Ömer’e radıyallahu anh EbuBekir’in radıyallahu anh vefatından önce biat edildi. Ancak Ömer radıyallahu anh icraata (müslümanların halifesi olma sıfatıyla) EbuBekir’in radıyallahu anh vefatından sonra başladı.
EbuBekir radıyallahu anh böylece sorumluluğu Ömer’e radıyallahu anh yüklemişti ve ardından ona bazı nasihatlerde bulundu. O, Rabb’ine üzerine düşeni yaptıktan sonra huzur içinde gitmek istiyordu. Vasiyetinde şöyle diyordu:
‘Ey Ömer, Allah’tan kork. Allah’ın gündüzleyin yapılmasını istediği bazı ameller vardır ki bunların geceleyin yapılmasını kabul etmez. Geceleyin de yapılmasını istedikleri vardır ki bunları da gündüzleyin yapılmasını kabul etmez. Farzlar da eda edilmediği sürece nafileleri kabul etmez. Kıyamet gününde ağır gelen tartılar dünya hayatında iken hakka tabi olanların tartılarıdır. Yarın hakkın konduğu mizanın ağır gelmesi haktır. Kıyamet gününde hafif gelen tartılar dünya hayatında batıla tabi olanların tartılarıdır. Yarın batılın konduğu mizanın hafif gelmesi haktır. Allah cennet ehlini en güzel amelleri ile zikretti ve onların günahlarını affetti. Onları düşündüğümde: ‘Onlara ulaşamamaktan korkuyorum.’ derim. Allah cehennem ehlini de en kötü amelleriyle zikretti ve onların güzel amellerini reddetti. Onları da düşündüğümde ‘Bunlarla birlikte olmamayı ümit ediyorum’ derim. Kul ümit ile korku arasında olmalı. Ne amelsiz ümit beslemeli ne de Allah’ın rahmetinden ümit kesmeli. Şayet benim bu tavsiyelerimi ezberlediysen kesinlikle karşı koyamayacağın ölümü unutma!’
Ömer radıyallahu anh, EbuBekir’in radıyallahu anh vefatından hemen sonra Müslümanların halifesi olarak işe başladı. Görüldüğü üzere EbuBekir’in radıyallahu anh Ömer’i radıyallahu anh seçmesi, çoğunluğun rızası olmadan gerçekleşmemiş ve hemen kanuni bir husus olarak değerlendirilmemiştir. İnsanlar da: ‘Bizim görüşümüz senin görüşündür.’ şeklinde kararlarını bildirmişlerdir. EbuBekir radıyallahu anh sahabenin ileri gelenlerinin görüşlerine başvurmadan ve onlarla tek tek konuşmadan herhangi bir seçime girmedi. Onların görüşlerinin Ömer radıyallahu anh hakkında olumlu olduğunu görünce seçimini o yönden kullandı. EbuBekir’in radıyallahu anh tercihi ümmetin ileri gelenlerinin görüşü doğrultusunda oldu.

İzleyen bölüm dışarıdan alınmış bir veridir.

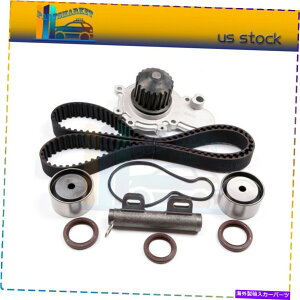 Water Pump 95-99̃^C~OxgEH[^[|veVi[Lbgv}XNCX[2.0L 420A Timing Belt Water Pump & Tensioner Kit For 95-99 Plymouth Chrysler 2.0L 420A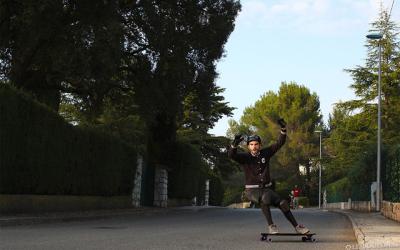 Longboard truck review with le-boulon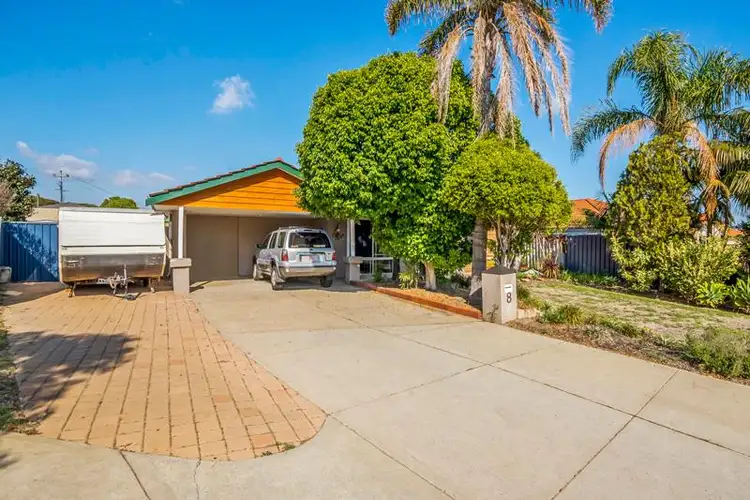 Second view of Homely house listing, 8 Montelimar Elbow, Port Kennedy WA 6172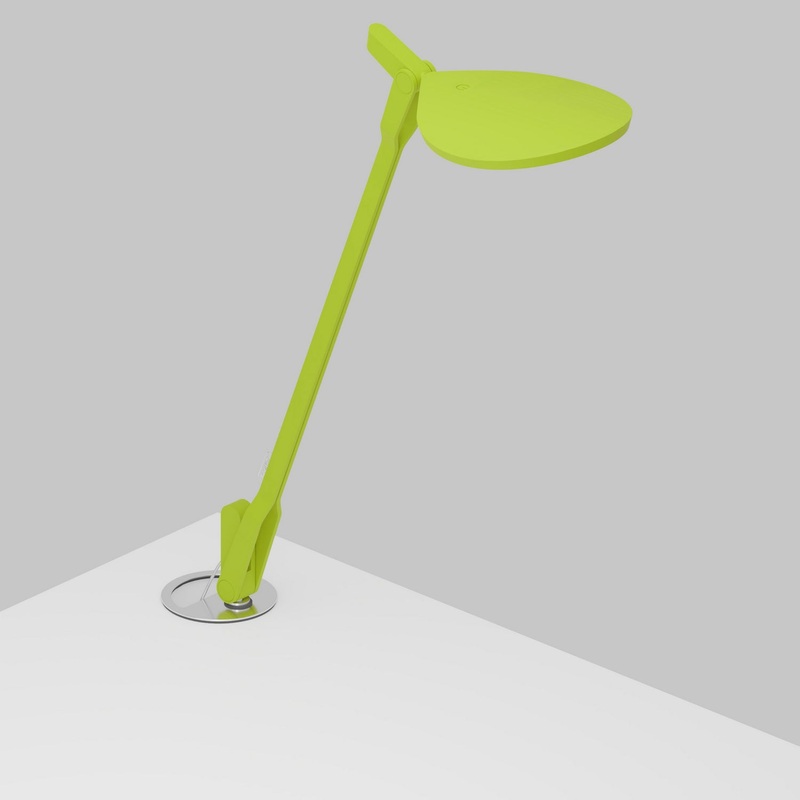 Koncept SPY-W-MLG-USB-GRM Splitty LED Desk Lamp, Matte Leaf Green
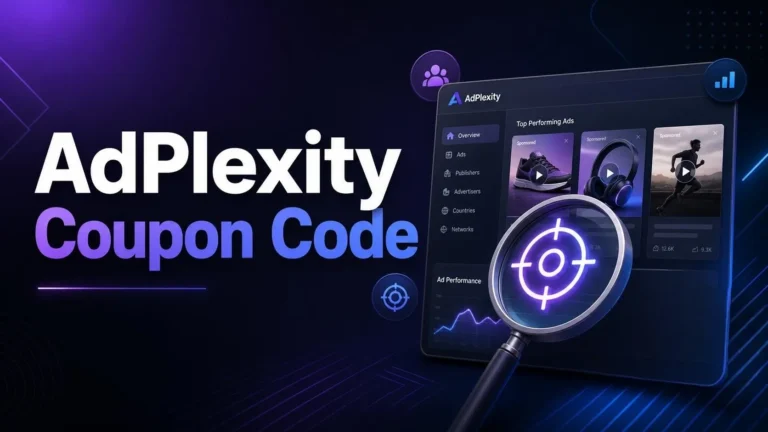 AdPlexity Coupon Code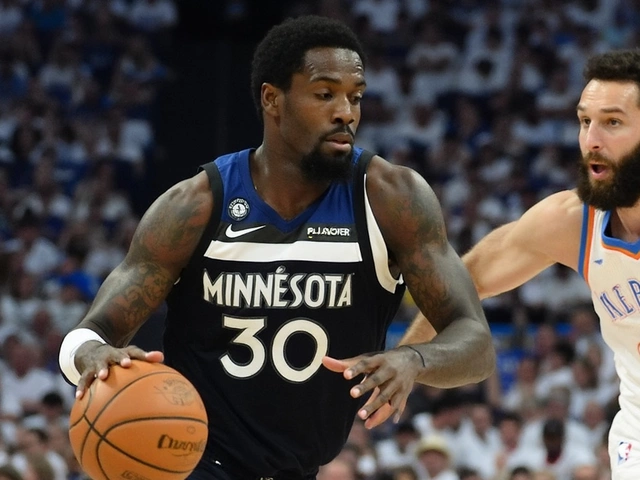 Oklahoma City Thunder Grab 3-1 Lead Over Timberwolves After Nail-Biting Game 4 Win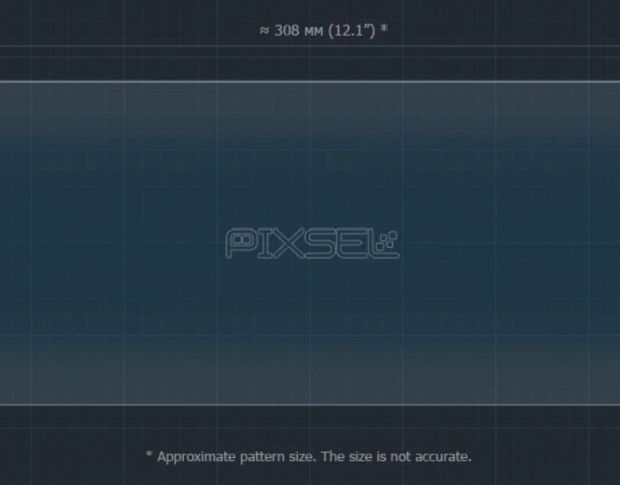 Захисне скло Pixsel на монітор HAVAL H6 13.3“ 2025 - (гібридне мат)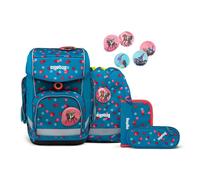 Ergobag Cubo Set de cartables 5 pièces bleu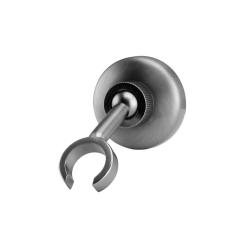 Aquanello Heritage Collection Suporte clássico para chuveiro de mão em aço inoxidável NB-9003-HC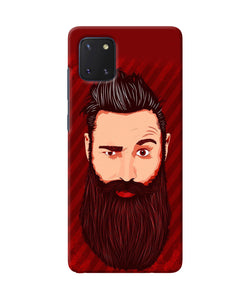 Beardo character Samsung Note 10 Lite Back Cover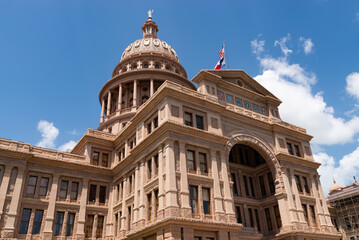Fototapeta premium Texas State Capitol Building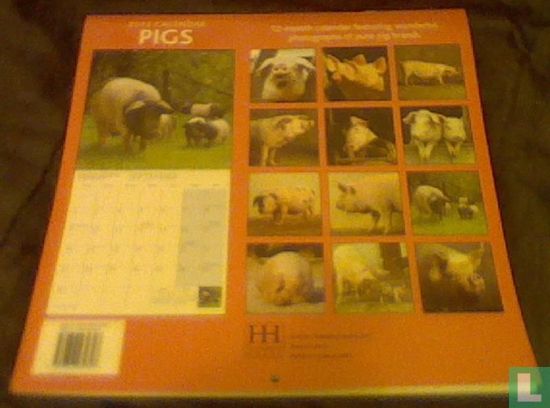 2013 Calendar Pigs - Image 2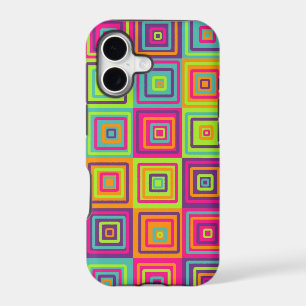 Colourful Geometric Squares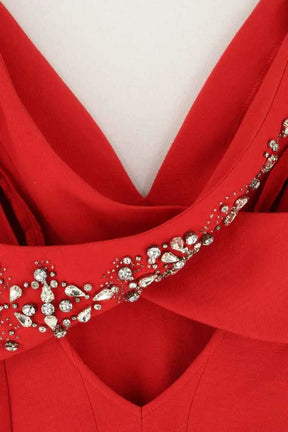 Robe Ba&Sh Rouge en Synthétique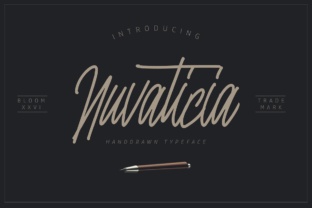 Nuvanticia: A Playful Yet Polished Script Font for Real Branding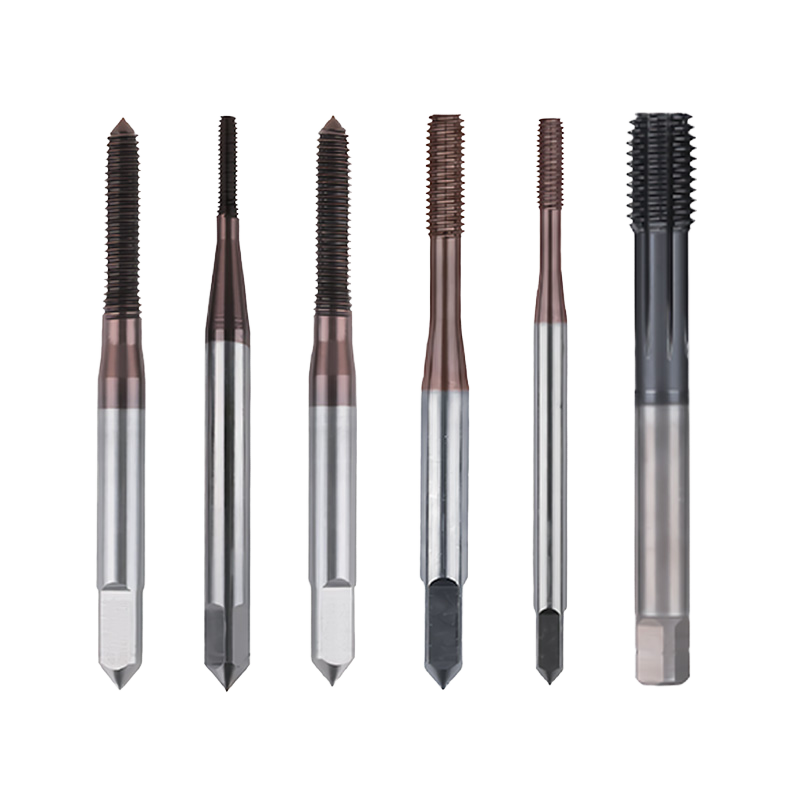 High Quality HSS-E NRT Form Taps Bronze Coated Roll Taps for Stainless Steel for CNC Machine Tools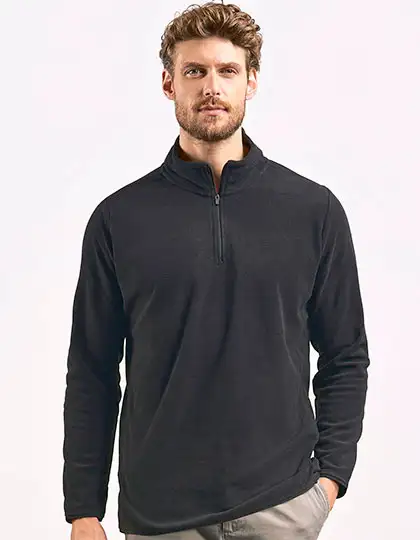 Men´s Recycled Fleece Troyer – Artikelnummer E7921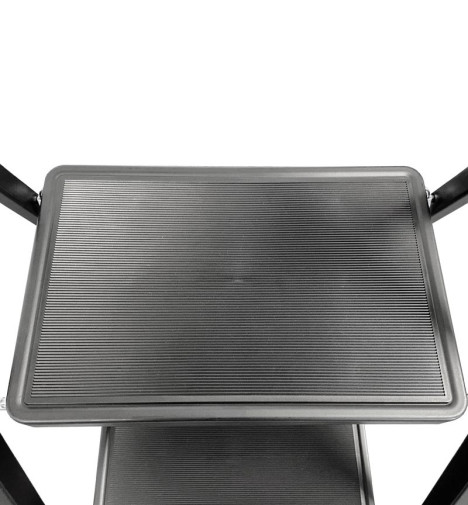 Marchepied K15 3 marches noir marche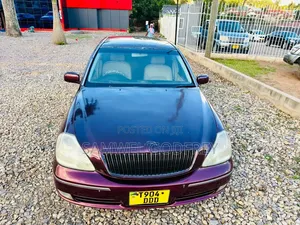 Toyota Brevis 2005 Burgundy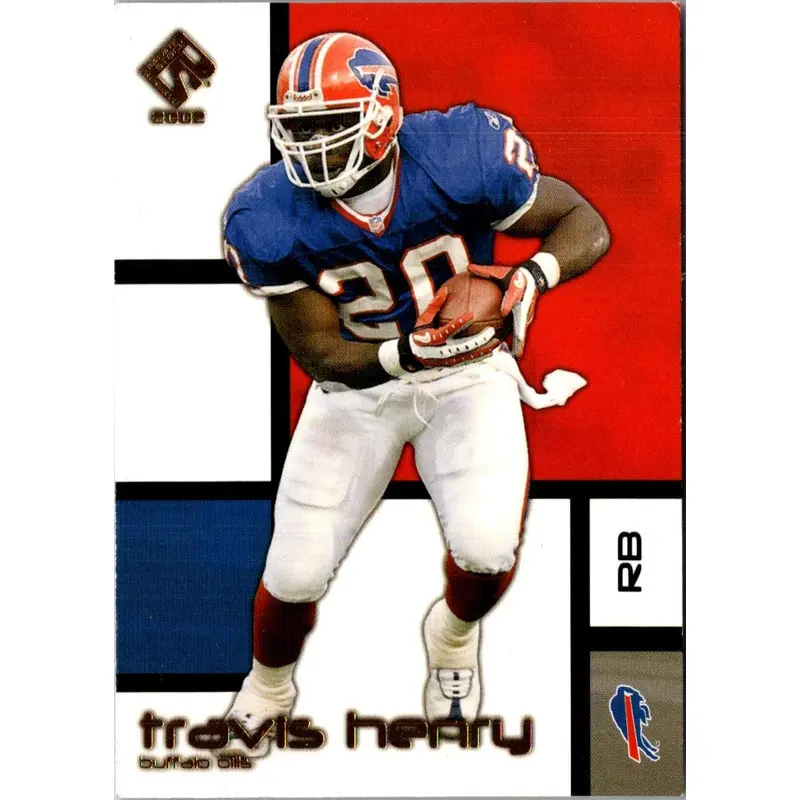 2002 Pacific Private Stock Travis Henry #11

Ömer radıyallahu anh halifeliği ehli hal ve’l-akd’in isteği ve ittifakıyla üstlenmiştir. Onlar EbuBekir’e radıyallahu anh halife seçme işini emanet eden kimselerdir. Onu bu işte kendilerine vekil kıldılar. EbuBekir’de radıyallahu anh onlarla istişare edip halifeyi tayin etti. Ardından da bunu insanlara sundu, onlar da bu konuda karar kıldılar.
Bu yapılanlar EbuBekir’in radıyallahu anh bu işi kendi kendisine yapmadığını açıkça göstermektedir. Neticede Ömer radıyallahu anh ‘Şûra’ ve ittifak esasına göre seçilmiştir. Tarihte bu konuda bir anlaşmazlığın vuku bulduğuna tanık olmak mümkün değildir. Ömer’in radıyallahu anh hilafeti boyunca hiç kimse onunla bu konuda tartışmaya girmemiştir. Aksine onun idaresi hususunda icma olmuştur ve herkes bu manada birlik hâlinde hareket etmiştir. (Ali Muhammed Sallabi’nin EbuBekir radıyallahu anh ve Ömer radıyallahu anh kitaplarından alıntı.)
EbuBekir’in radıyallahu anh Ömer’i radıyallahu anh kendi yerine bırakması özetle bu şekilde olmuştur. Allah nasip ederse bir sonraki yazımızda buradan çıkarmamız gereken derslere değinmeye çalışacağız…
Davamızın sonu âlemlerin Rabbi olan Allah’a hamd etmektir.